ISSUE № 

11

a literary journal in multiple timezones

Nov. 2024

ISSUE № 

11

a literary journal in multiple timezones

Nov. 2024

Tarquin’s Party

The West
Illustration by:

Tarquin’s Party

Tarquin Gould’s parents were out of town, so he had to throw a party, those were the rules. The news circulated like a virus: it was uncertain who had started it, but by the time the weekend came around it had been received by everyone who needed to receive it. April Wittman didn’t know Tarquin at all. She hadn’t even met him. He was what she called a friend-in-law, someone related to your circle by a degree or two but not close enough to call a personal friend. 

She got ready for the party with her friend Tori Allard. Tori was pretty in a boyish way, with her short glossy hair and square jaw, and her parents were much better off than April’s, so that summer Tori had been able to buy an entire jungle-print outfit at the mall: a leopard-print t-shirt, khaki Capri pants, tiger-striped sneakers, a flouncy mini-skirt that rustled when she moved her thighs. April was miserably jealous because the most she’d been able to afford was a plastic tiger-striped head-band whose markings were already beginning to flake off. Still, she felt powerful that night when she looked in Tori’s full-length mirror. (Another unimaginable luxury: at home, April had to make do with a small, cheap wooden-framed mirror barely bigger than her face, and even that she had to share with two fractious younger sisters.) Her tongue darted out to pass over lips coated with a new pale pink lipstick Tori had let her use. She had clumped the mascara on too heavily, but it didn’t matter, did it? Some people said her big sad eyes were her best feature. She pulled her hair into a ponytail and fussily rearranged her bangs. She could never get them right. 

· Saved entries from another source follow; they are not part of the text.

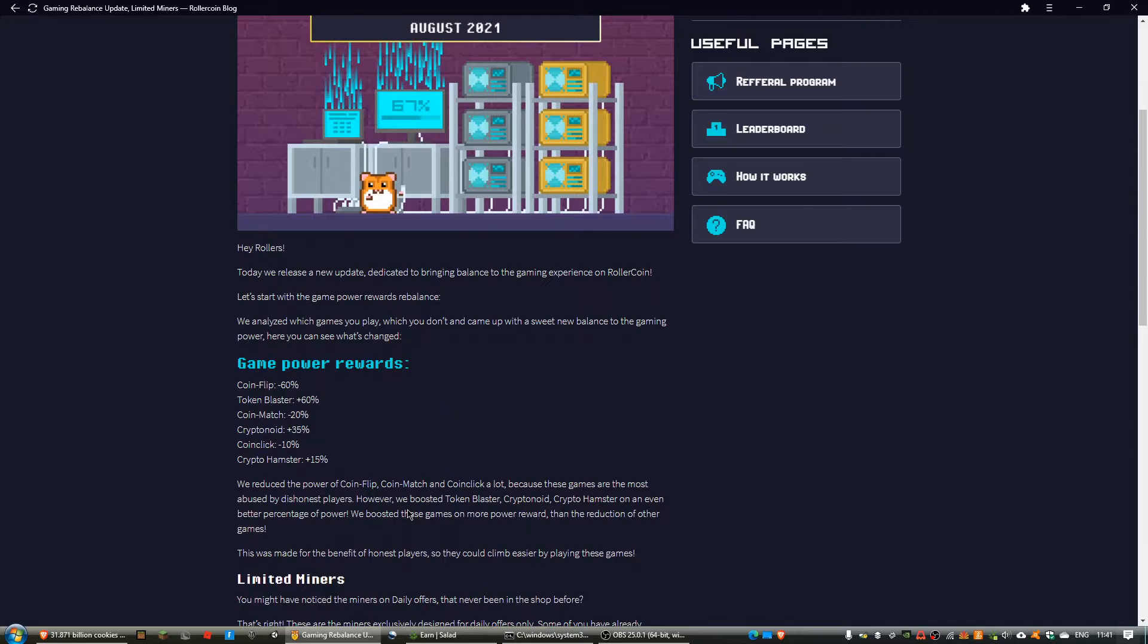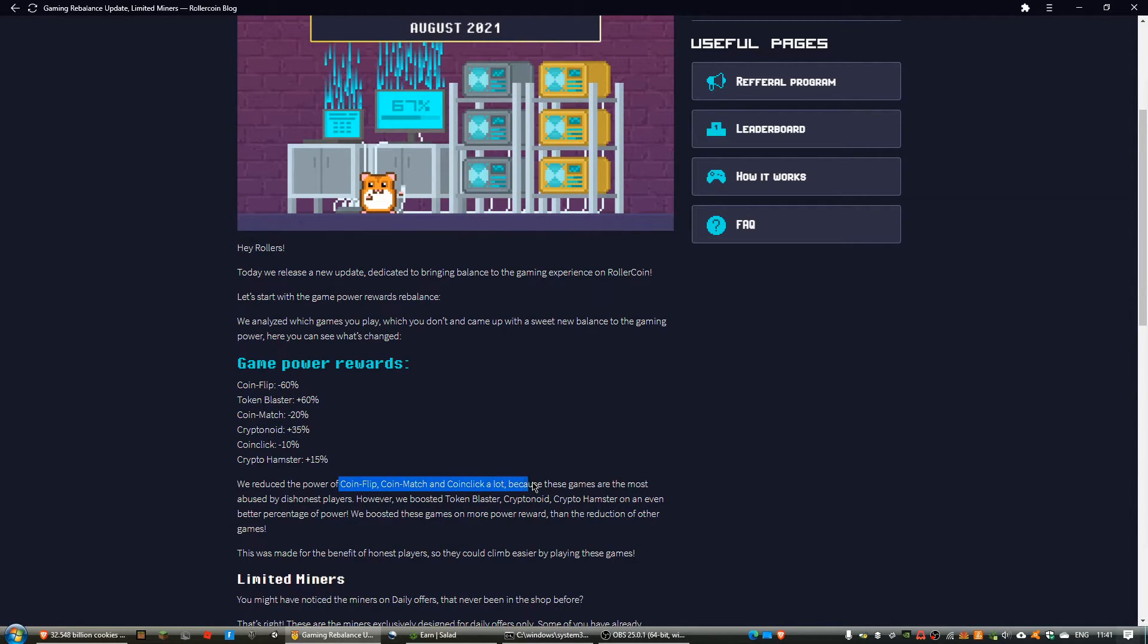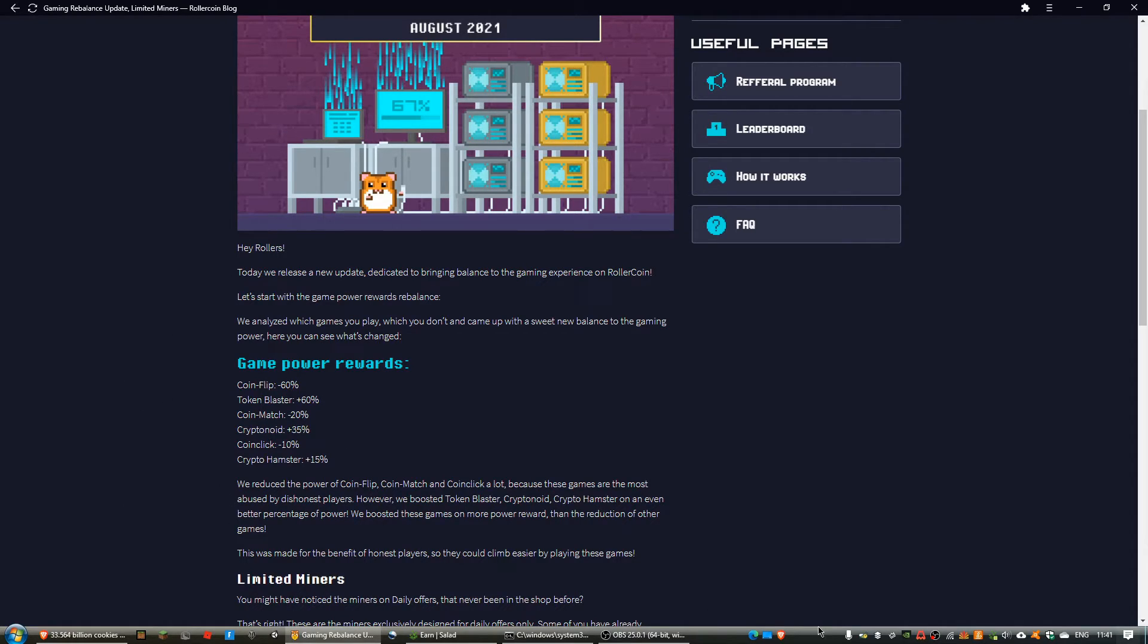So, as they say here, they reduced these ones because this game is most abused by dishonest players, aka they're the easiest games to bot.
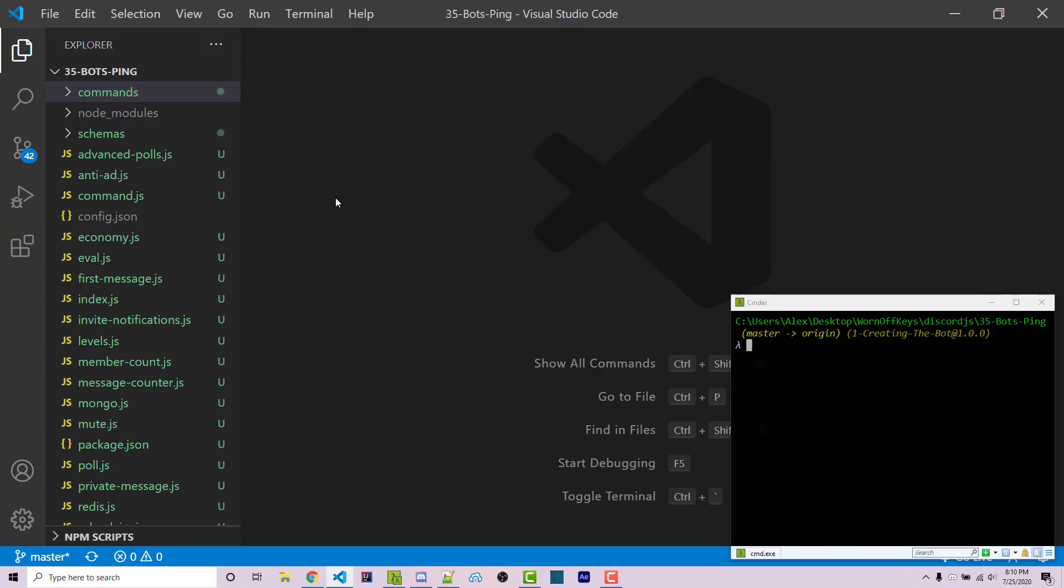Hello everyone, Alex here from warnoffkeys.com. In this video I'm going to show you how you can create a proper ping command that actually detects the latency for the bot as well as the latency for the specific Discord API.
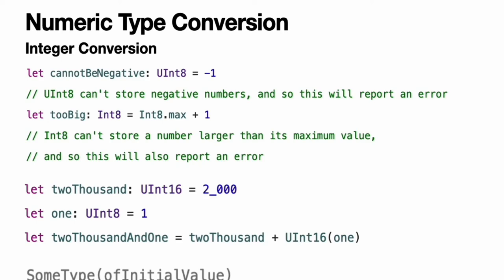You cannot pass in any type here, however. It has to be a type for which UInt16 provides an initializer. Extending existing types to provide initializers that accept new types, including your own type definitions, is covered in extensions.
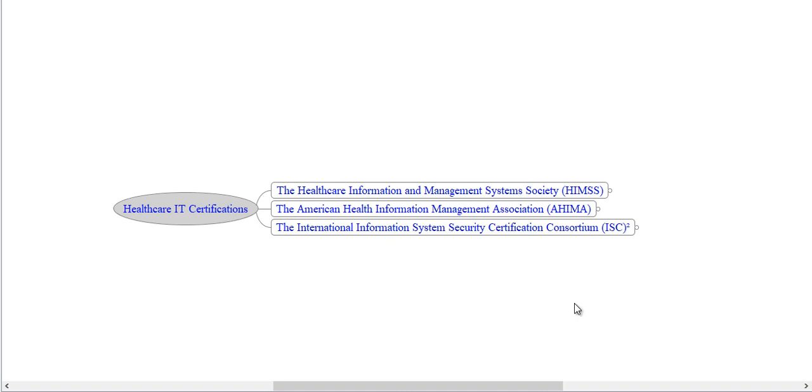Hello, I am Noorul Ather, PMP, CPHIMS and ITIL certified and welcome to my presentation. In this presentation, I am going to explain what certifications are available in Healthcare IT.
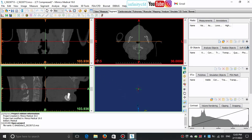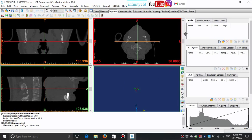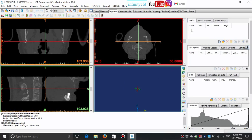Hello everyone and be well everywhere you are. In the previous video, we imported the CT scan images into Mimics and got familiar with views orientation. As I said in that video, the first step after importing the images is mask creation.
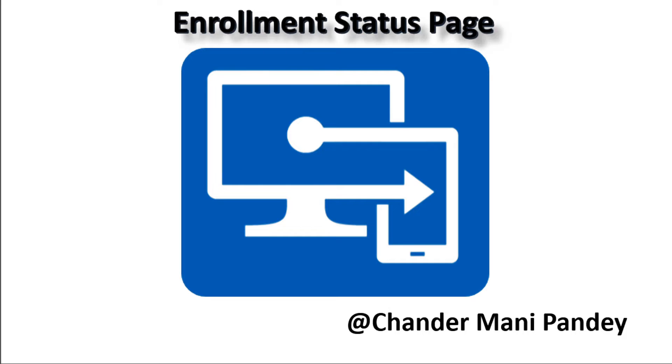Hello all and welcome back to my channel. My name is Chandramani Pandey and thank you very much for watching my other videos. I am hoping that my videos are adding some value in your day-to-day Intune operation work.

By the time they arrived, the party was already on its way. April could feel it in the air, a tension that could draw a tight knot in your gut. The muffled thud of music was audible through the closed front door with its huge, ornate brass knocker that was so preposterously grand and truly of some other unattainable world the sight of it almost convinced April they should leave without ever stepping foot inside. But then Dustin McNeil, a boy from the neighboring school, flung the door open and made a big deal of ushering them in as though he were an old-timey butler, pointing out paintings and pieces of furniture in an exaggerated high-pitched voice. He was one of those annoying kids who would prefer you roll your eyes at his clowning than ignore him. April had expected Tarquin to be somewhere in the greeting zone, but she didn’t see him, or at least anyone she knew to resemble the description and the unfocused photos she’d seen of him; he wasn’t in the intimidating hallway or in the kitchen, which was already crowded with perspiring teenagers unsteady on their feet and wild with bravado, nor finally in the yard, an expanse of lawn and shadowy tropical trees that exuded the atmosphere of a golf course or some other exclusive space. Small lights twinkled from the foliage, flashing little promises. 

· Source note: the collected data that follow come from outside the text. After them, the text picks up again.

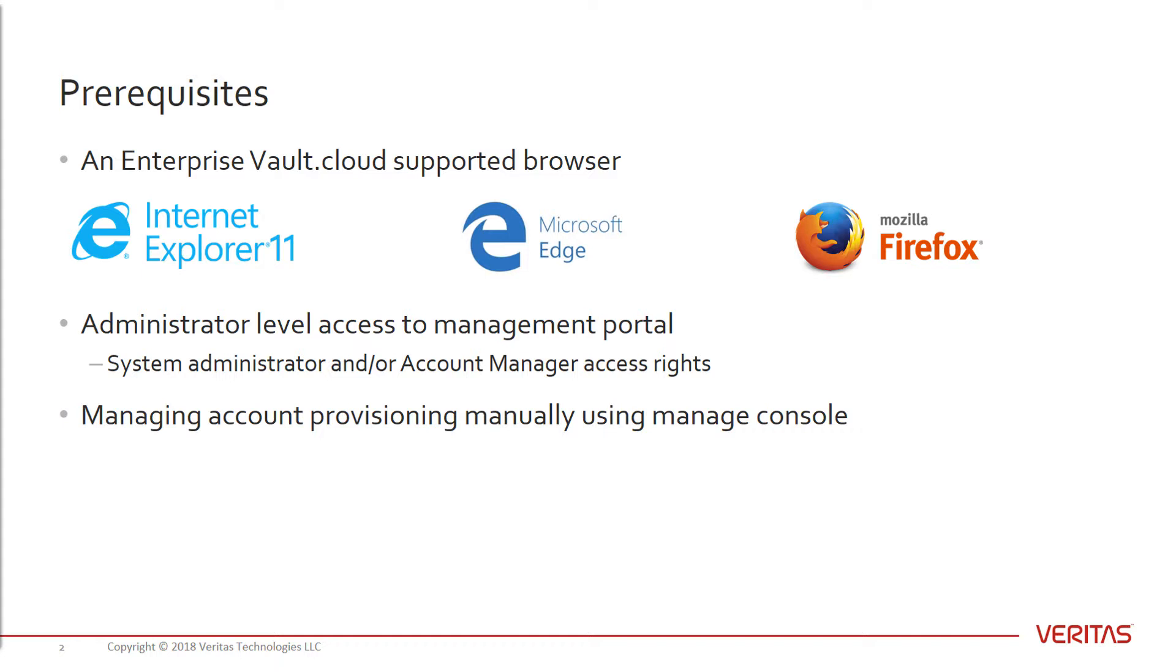The next is that you have an administrator-level account with either System Administrator and/or Account Manager access rights assigned to it. The last prerequisite is that your organization is managing account provisioning manually using the Manage Console application.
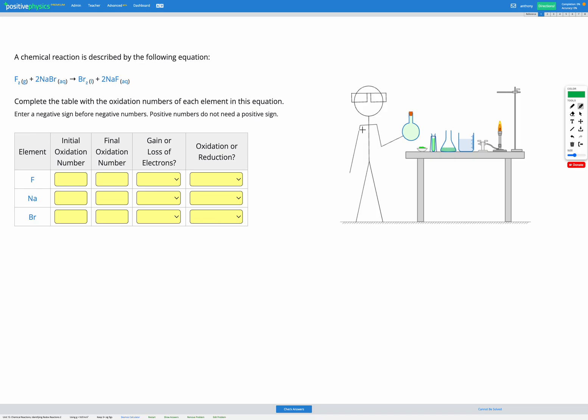In these questions we have a chemical reaction and we're provided with the equation for that reaction. Here we have F2 plus 2NaBr gives Br2 plus 2NaF, and our goal is to figure out which of the elements in this reaction were oxidized and which were reduced.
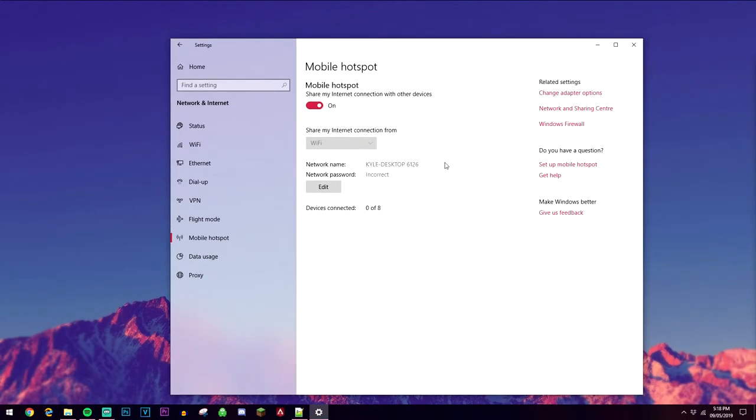In order to connect this hotspot you want to go ahead and connect to it just like you would on Wi-Fi on any other device, and then you see how many devices are connected here.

As they moved through the house they were greeted or ignored by various people familiar to April. In the hallway, Cece Storier-Conlan, a short, shy, blonde girl who sometimes flitted around the periphery of April and Tori’s loose-knit friendship group, and her sister Jane Storier-Conlan, who was the polar opposite of her sibling—tall and straight-backed, a field hockey-playing, foul-mouthed brunette beauty who seemed destined to be propelled through the entire school experience and delivered into the adult world without ever being affected in any way by her childhood: to use Jane’s own parlance, like an attacker guiding the ball all the way down a clear field, through the striking circle and into the goal, without anyone trying to stop her. The idea of possessing such carefree grace made April feel dizzy. 

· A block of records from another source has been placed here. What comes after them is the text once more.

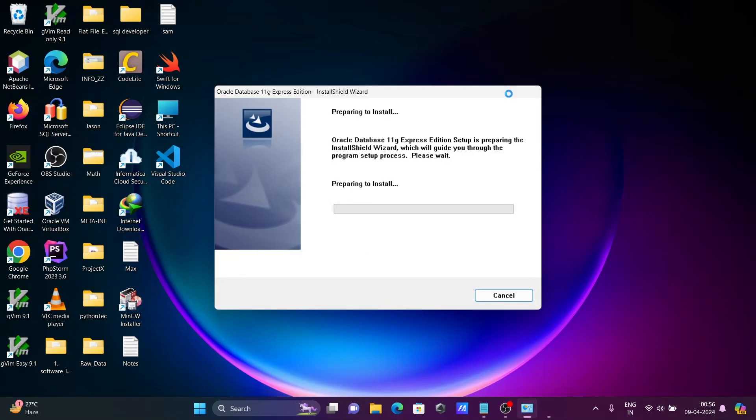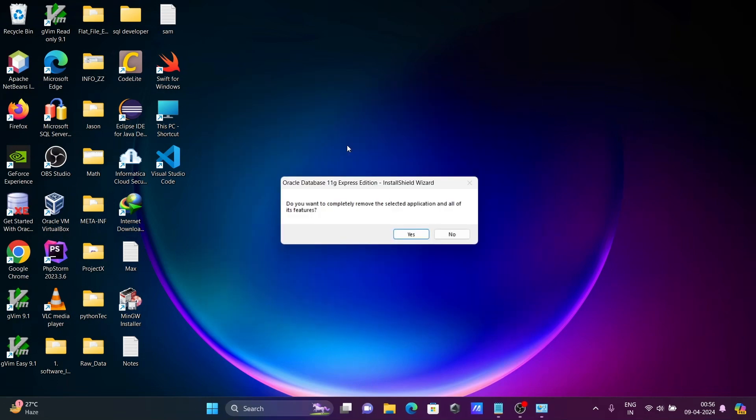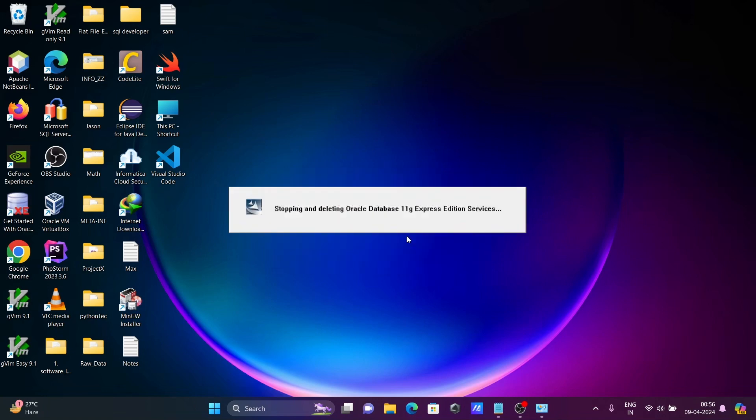Here you can see the dialog preparing to uninstall. It asks if you want to completely remove it. Click on Yes.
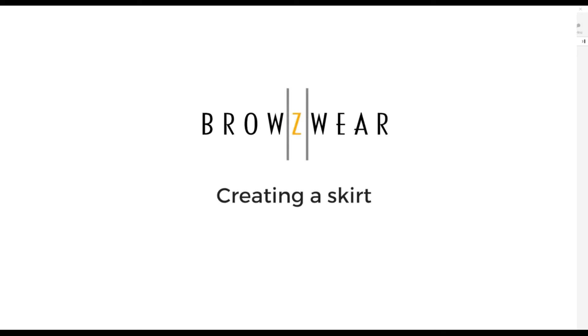In this video, we're going to show how to create a basic skirt without importing a DXF file, doing all the work inside vStitcher.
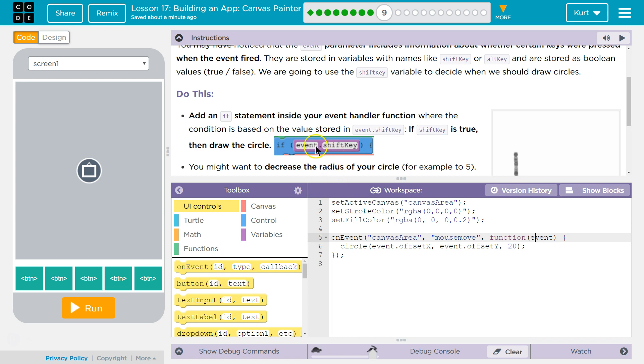So event.shiftKey, if it's true, if that is true, then draw the circle. That means I'm holding shift down. If it's false, then don't.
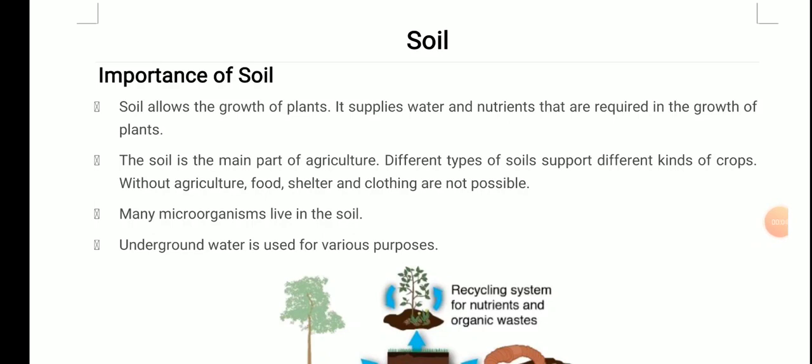Hello students! In the previous video of Class 7th Science, we started the chapter on soil. Let's quickly revise what we discussed. In the first video, we discussed the importance of soil — that soil allows the growth of plants, and it supplies water and nutrients required for the growth of plants.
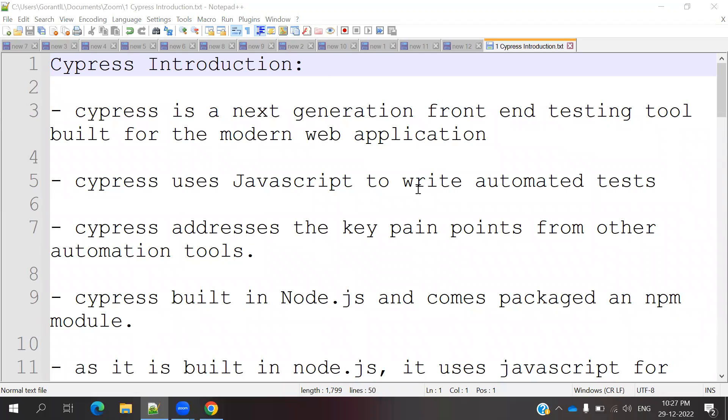Hi friends. Welcome to CS Technology. My name is Lokesh.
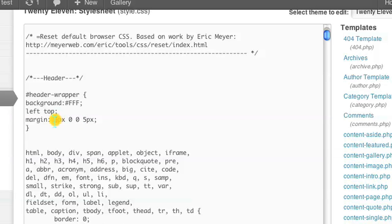You can change this to whatever you want. You could change it to 10 pixels, or you can just eliminate them altogether by putting a zero. That is how you change the margins on your blog site. I'm Omar, have a good day.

“Hey, ladies,” said Jane. Her whole affect was studied politeness bordering on sarcasm. 

“Oh hey, Jane,” said Tori, trying to be nonchalant and cool. “Hey, Cece.”

“Well, have fun, sis,” said Jane, and April realized with a tiny flicker of disappointment that Jane had just deposited Cece at the party and was now leaving. This felt like a subtle indictment on the party, as if its value had been downgraded by a respected appraiser as not worth the effort. April fiddled with her bangs again. She could feel her forehead sweating beneath the curtain of hair. 

In one corner of the kitchen, April saw Jamie Duguid, Angelo Marini, and Sasha Pavlovic, another set of friends-in-law, who were resting their hulking teenage bodies on the island bench, passing around a squishy pack of cigarettes. 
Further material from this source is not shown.